--- Source information ---
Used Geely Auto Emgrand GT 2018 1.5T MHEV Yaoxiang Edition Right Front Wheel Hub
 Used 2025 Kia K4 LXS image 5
---
--- Source information ---
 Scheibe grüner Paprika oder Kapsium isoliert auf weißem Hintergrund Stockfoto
---
--- Source information ---
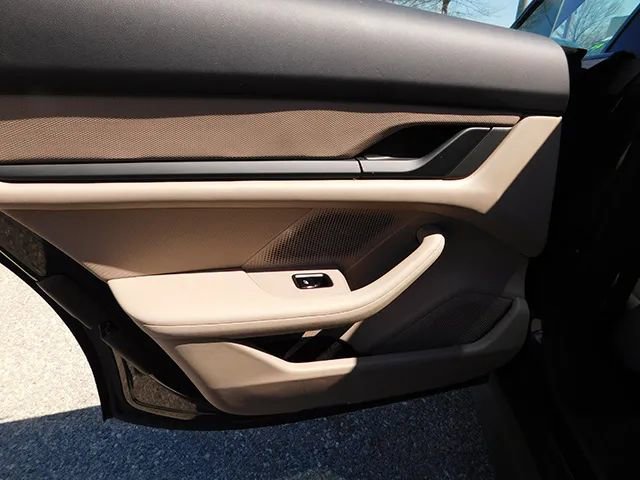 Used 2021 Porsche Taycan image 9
---
**Instructions to follow:**
Within the data above, the lines from the one with "Used Geely Auto" to the one with "Used 2025 Kia K4 LXS image 5" must be repeated exactly; no other line belongs in the answer.

**Your response:**
Used Geely Auto Emgrand GT 2018 1.5T MHEV Yaoxiang Edition Right Front Wheel Hub
 Used 2025 Kia K4 LXS image 5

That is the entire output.